DATA EXCERPTS:
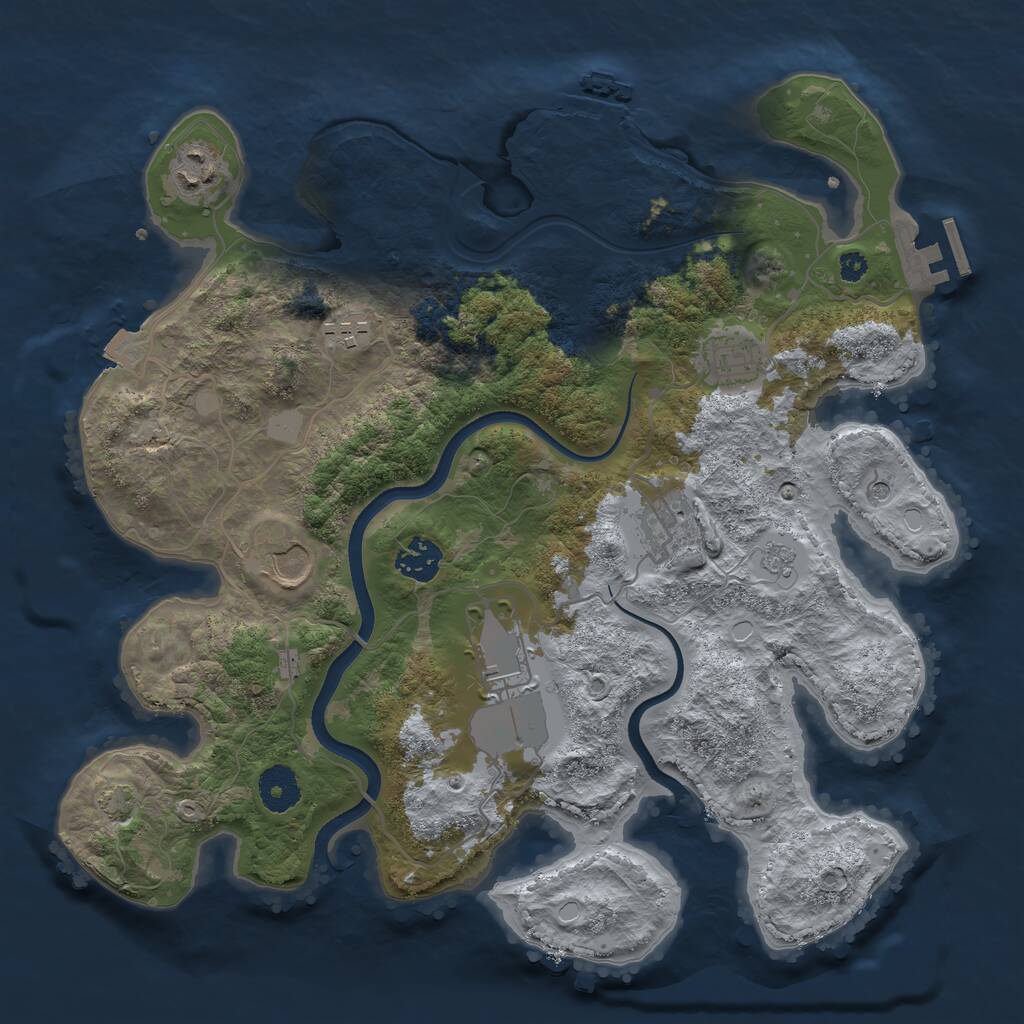 Rust Map: Procedural Map, Size: 3500, Seed: 2778051, 13 Monuments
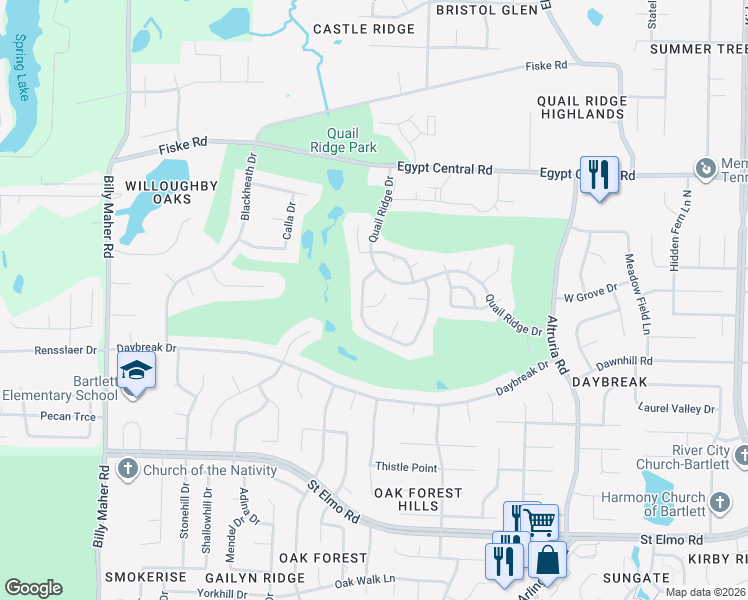 map of restaurants, bars, coffee shops, grocery stores, and more near 6313 Fairway Hill Cove in Bartlett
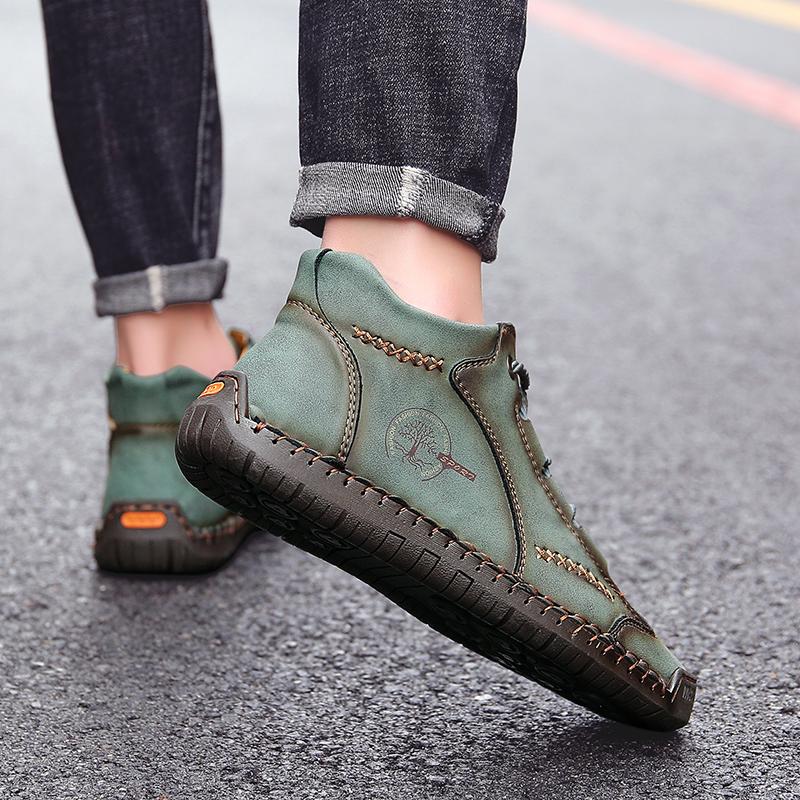 Vintage Handmade Orthopedic Boots for Men with Cushioned Sole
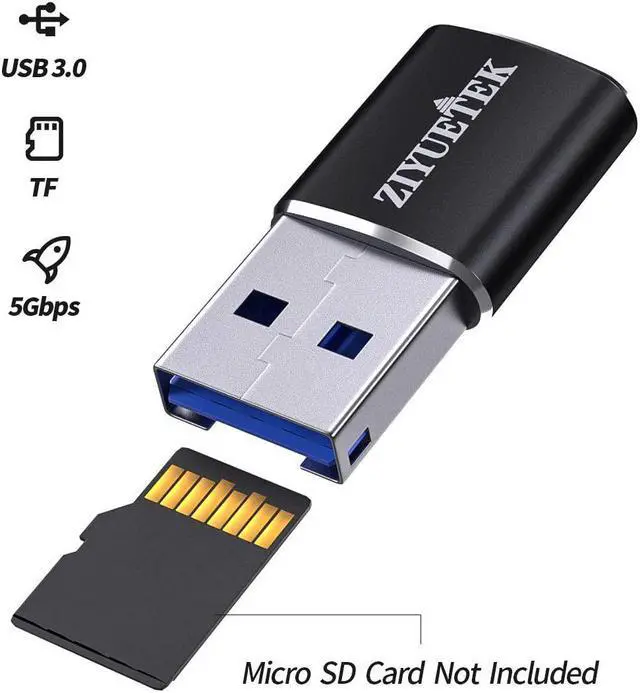 Alt view image 6 of 7 - Micro SD Card Reader USB 3.0 Aluminum USB 3.0 Portable Memory Card Reader Adapter for PC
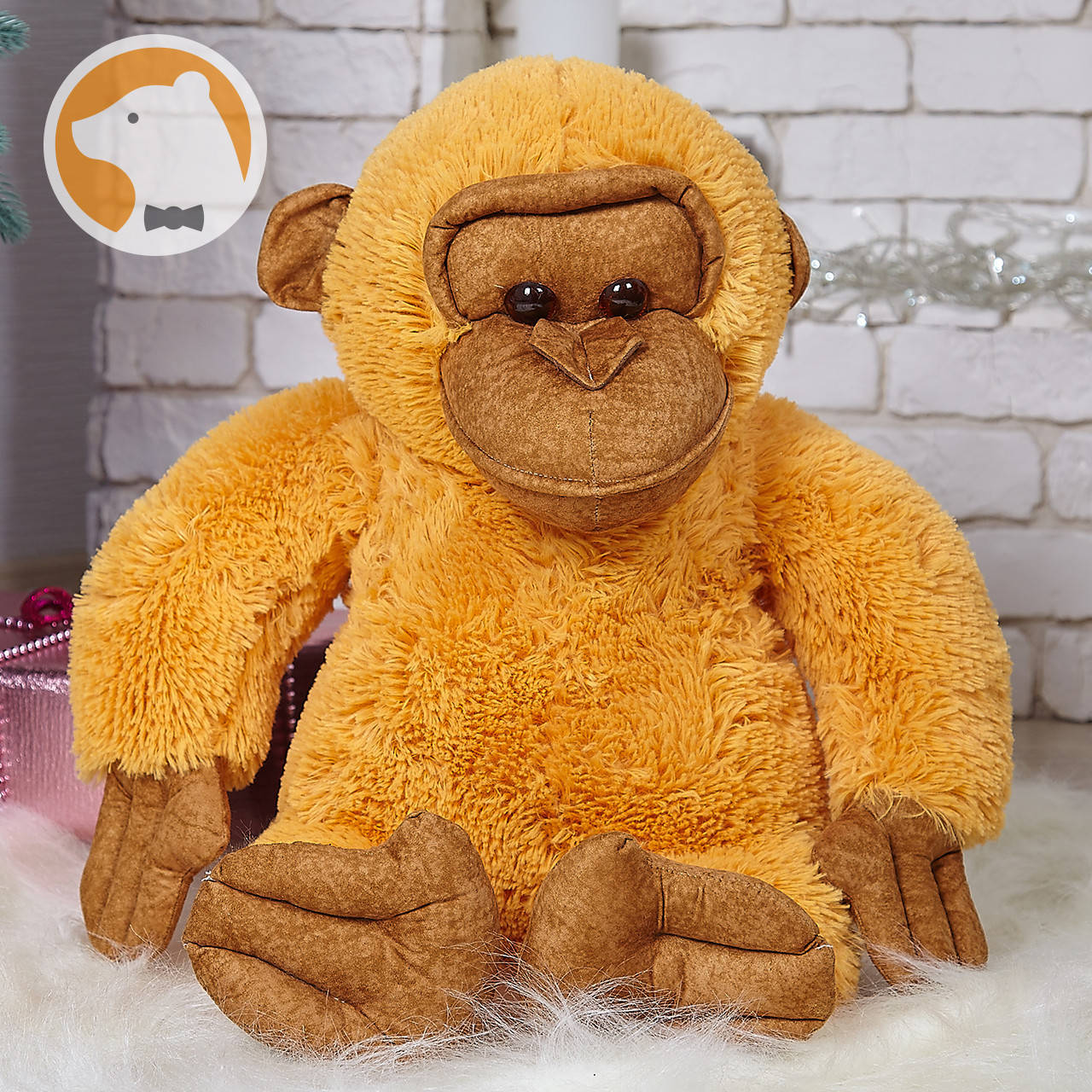 

Мягкая игрушка Обезьяна, 70 см, медовая, Песочный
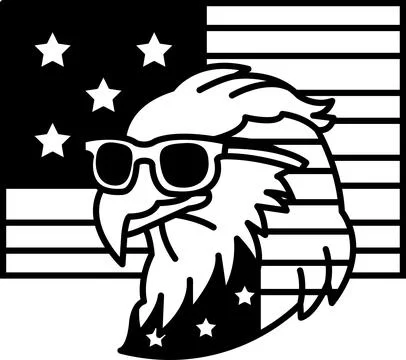 A bald eagle wearing sunglasses and a patriotic flag behind him Stock Illustration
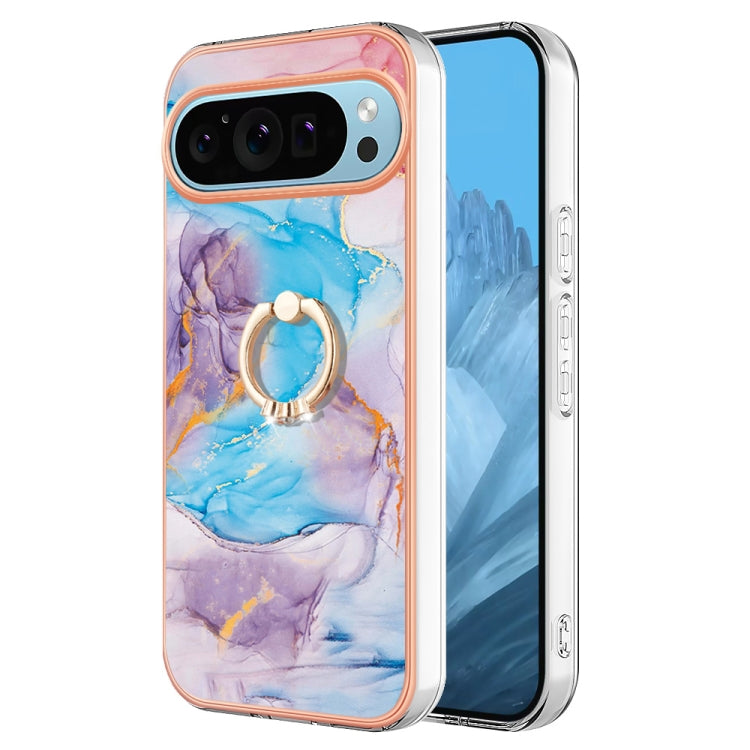 For Google Pixel 9 Pro XL Electroplating IMD TPU Phone Case with Ring(Blue Marble)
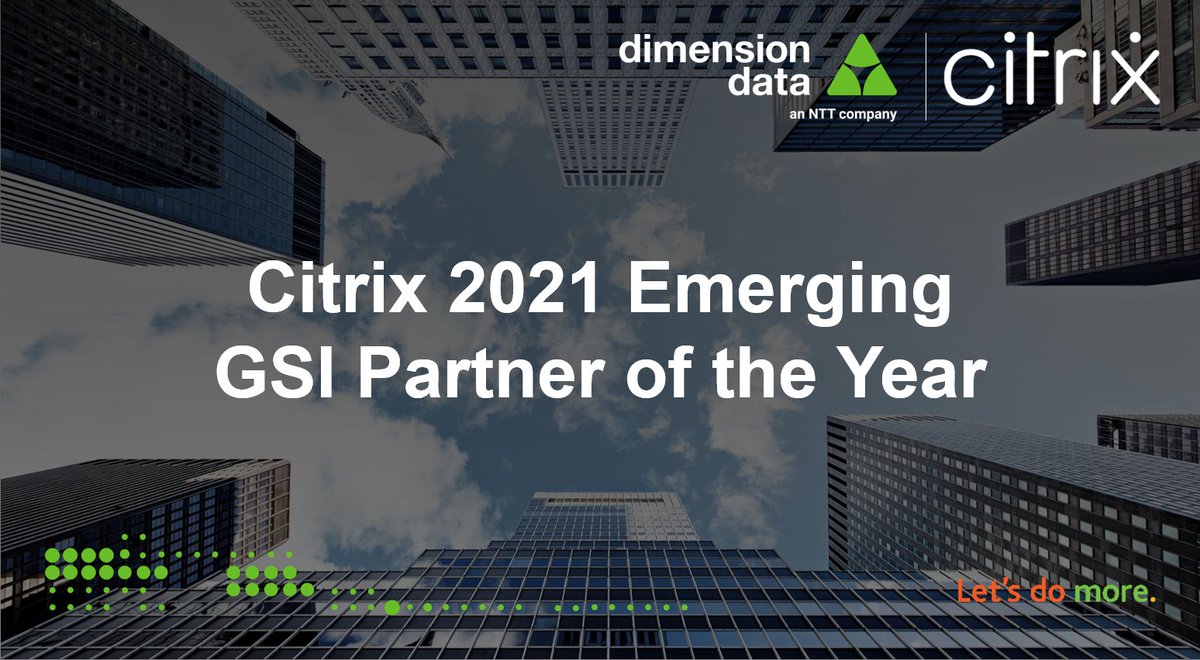 NTTDATAMEA's tweet photo. We’re delighted to share that we have been named 2021 Emerging GSI Partner of the Year in EMEA! Our partnership with #Citrix continues to deliver value to our team and our customers. Here's to another successful year! #CitrixFieldKickoff #LetsDoMore https://t.co/BhIjqKfZVV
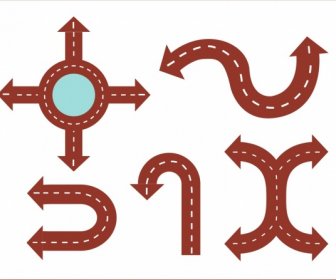 direction sign collection various brown arrow street style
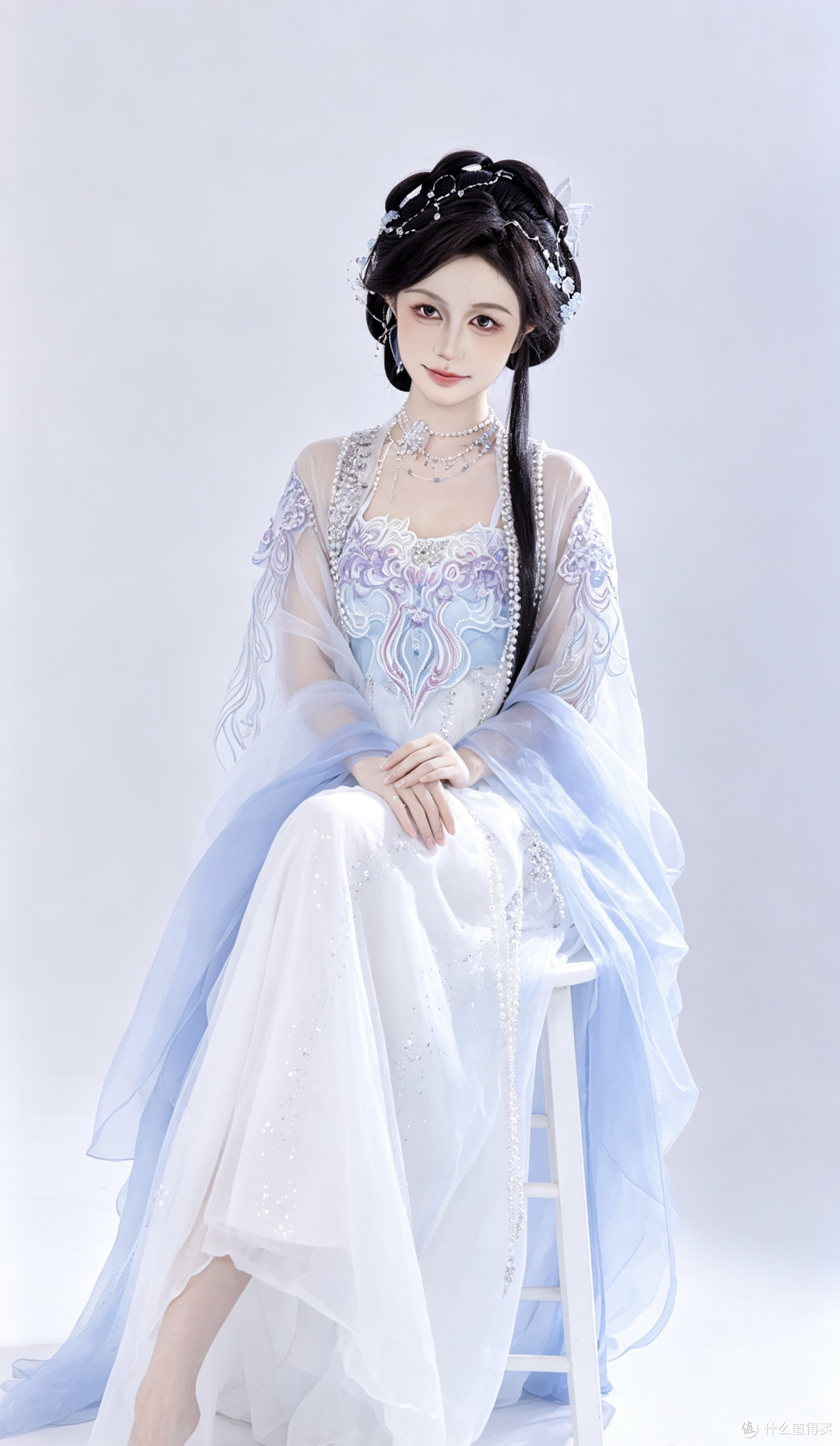十二深衣·汐幔 深海水母|蓝白改良汉服,仙气氛围感古风穿搭首选
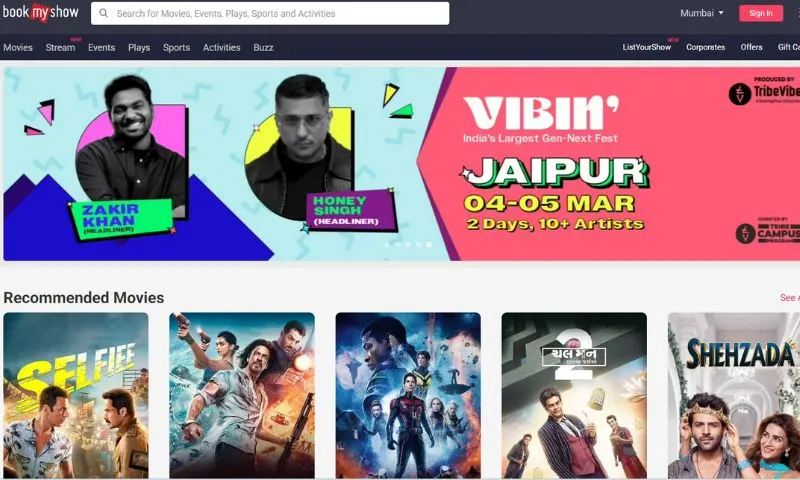 BookMyShow is a famous entertainment site in India, UAE, Indonesia, Sri Lanka, and Singapore.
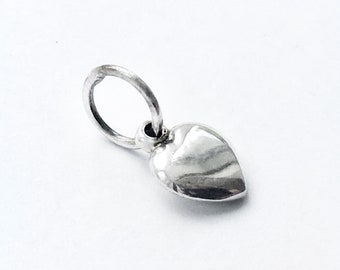 Tiny Silver Heart Sterling Silver Charm, Silver Heart Pendant, Little Heart Charm in Sterling Silver, Puffy Silver Heart in Sterling Silver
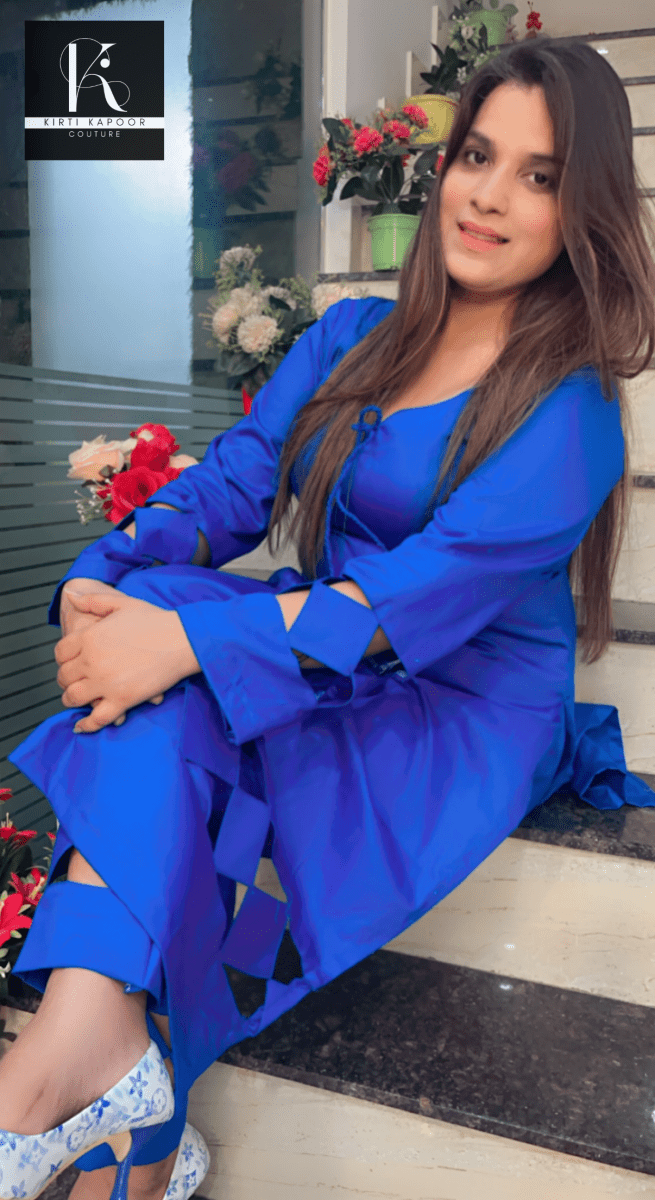 Blue Cotton Designer Shirt with Matching Pant - Kirti Kapoor Couture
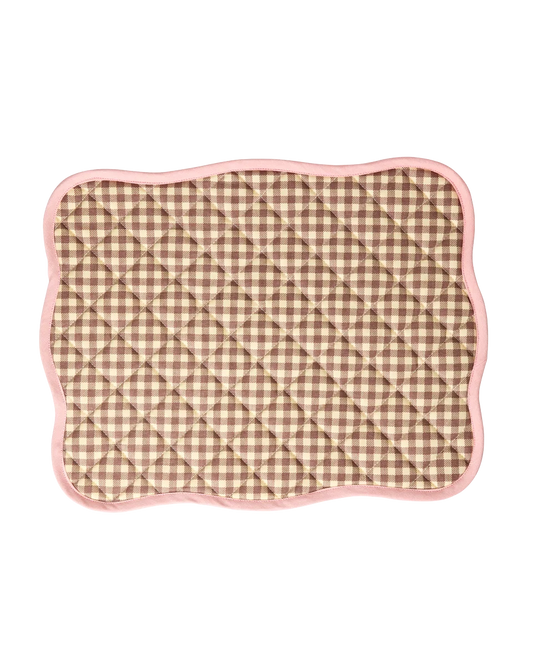 RICE | Gewatteerde placemat Checks Pretty Pink
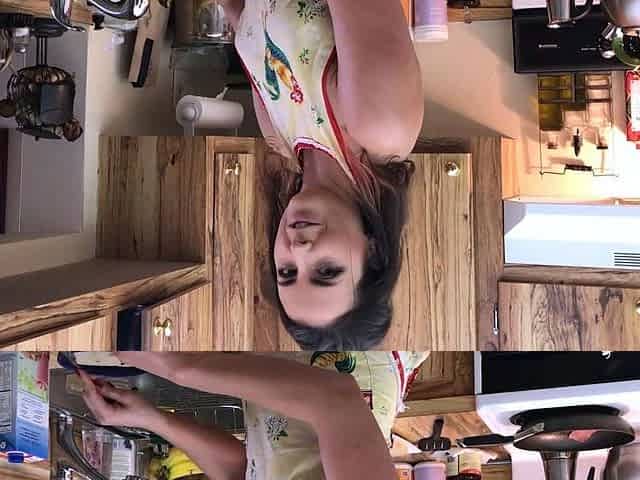 Brunette solo darling masturbating at home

PROBLEM REQUIREMENTS: Your task is to restate every record word for word. Omit all pictures.

SOLVED EXERCISE:
 Rust Map: Procedural Map, Size: 3500, Seed: 2778051, 13 Monuments
 map of restaurants, bars, coffee shops, grocery stores, and more near 6313 Fairway Hill Cove in Bartlett
 Vintage Handmade Orthopedic Boots for Men with Cushioned Sole
 Alt view image 6 of 7 - Micro SD Card Reader USB 3.0 Aluminum USB 3.0 Portable Memory Card Reader Adapter for PC

Мягкая игрушка Обезьяна, 70 см, медовая, Песочный
 A bald eagle wearing sunglasses and a patriotic flag behind him Stock Illustration
 For Google Pixel 9 Pro XL Electroplating IMD TPU Phone Case with Ring(Blue Marble)
 NTTDATAMEA's tweet photo. We’re delighted to share that we have been named 2021 Emerging GSI Partner of the Year in EMEA! Our partnership with #Citrix continues to deliver value to our team and our customers. Here's to another successful year! #CitrixFieldKickoff #LetsDoMore https://t.co/BhIjqKfZVV
 direction sign collection various brown arrow street style
十二深衣·汐幔 深海水母|蓝白改良汉服,仙气氛围感古风穿搭首选
 BookMyShow is a famous entertainment site in India, UAE, Indonesia, Sri Lanka, and Singapore.
 Tiny Silver Heart Sterling Silver Charm, Silver Heart Pendant, Little Heart Charm in Sterling Silver, Puffy Silver Heart in Sterling Silver
 Blue Cotton Designer Shirt with Matching Pant - Kirti Kapoor Couture
 RICE | Gewatteerde placemat Checks Pretty Pink
 Brunette solo darling masturbating at home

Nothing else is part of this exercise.